Quella massa di non vincenti, che quarant’anni di politiche di un certo tipo- mi rifiuto di utilizzare il termine neoliberismo- ha prodotto, si sta pian piano riprendendo lo spazio politico. E la situazione, in Italia e nel mondo, è lungi dall’essere stazionaria. Di sicuro il vaccino aiuterà a concludere l’emergenza sanitaria, attenuando il numero dei morti, ma la tempesta sociale che ci apprestiamo ad affrontare- quando finirà il blocco dei licenziamenti ad esempio- non solo è destinata a restare qui dando vita a dieci anni di stagnazione e povertà. Non solo: questa ci deve spingere ad abbandonare la cassetta degli attrezzi della sinistra tradizionale, sia quella post comunista- disinteressata alla crescita- sia quella da terza via- solo di striscio interessata alla giustizia sociale. Per fronteggiare una crisi di questo tipo servono dunque politiche nuove, radicali.
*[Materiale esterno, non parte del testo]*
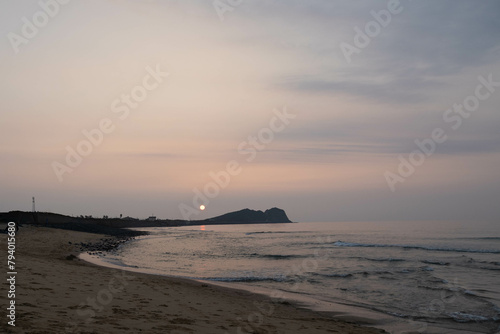 8月の夕日と海と砂浜 photo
Per questo Sala rischia di essere anacronistico, così come l’intera area di sinistra in Italia, ancora troppo assuefatta dal potere per portare avanti politiche in grado di rispondere ai problemi di questi tempi: la produttività ferma da anni, le disuguaglianze, il cambiamento climatico, il dilagare di ansia, depressione, insoddisfazione.
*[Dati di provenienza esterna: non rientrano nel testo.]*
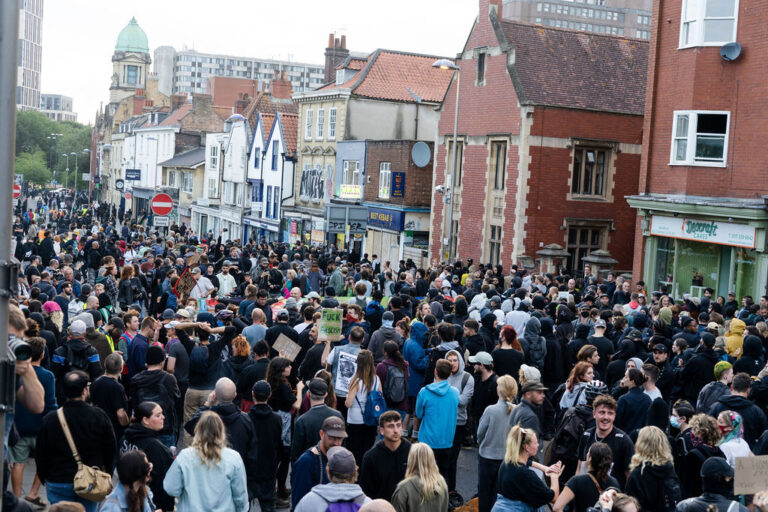 A large crowd gather in the road on a city street.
A questi problemi, Sala ha anteposto il mantenimento del passato. Durante i mesi estivi ha invitato i cittadini a “tornare a lavorare”. Quando la Lombardia è entrata in Zona Rossa ha manifestato la sua vicinanza e la sua comprensione a chi non poteva raggiungere la seconda casa sul litorale ligure.
Siamo sicuri che la strada per strappare l’egemonia discorsiva alle destre passi dalla riproposizione di schemi vetusti e ormai inattuali? Non solo a Milano, ma anche in Italia. Quell’Italia ottimista non esiste più, è ora di prenderne atto.